A new category of civic infrastructure

Nobody asks Central Park to maximize profit per square foot.

But the moment a space goes indoors, it's expected to pay rent, sell memberships, or serve coffee. This is why millions of Americans have nowhere to go. Indoor Commons is the fix.

24%
of working-class Americans have no close friends — 8× higher than 1990
1B+
sq ft of vacant commercial real estate across the US
26
freespace iterations across 14 countries — the model is proven
$1
monthly rent for the original freespace — a 14,000 sq ft SF warehouse

Three crises. One moment. One opportunity.
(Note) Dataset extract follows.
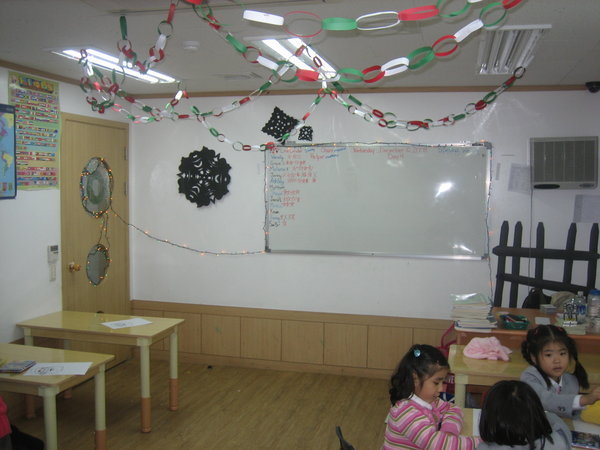Classroom Decorations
They are usually discussed separately. They share a solution.

01

The Loneliness Crisis

America is experiencing a structural aloneness problem — not an emotional one. 24% of working-class Americans have no close friends. Civic participation is at historic lows. The spaces that produced social connection — parish halls, union halls, public squares — have closed, been sold, or been priced out. This is a spatial and infrastructure failure, not a personal one.

02

The Commercial Vacancy Crisis

E-commerce gutted Main Streets before COVID. Hybrid work emptied office buildings after it. Across America, malls, storefronts, and ground-floor commercial space sits vacant — with utilities, bathrooms, parking, ADA access, and central locations in communities that desperately need civic infrastructure. This is not urban decay. It is latent civic infrastructure.

03

The Displacement Crisis

AI and automation are displacing workers across entire categories of labor. The people most affected are working-class Americans without college degrees — the same people who have already lost their third places, their civic organizations, and their social infrastructure. Displacement without community makes adaptation nearly impossible.

"Vacant buildings are not just an economic problem. They are latent civic infrastructure."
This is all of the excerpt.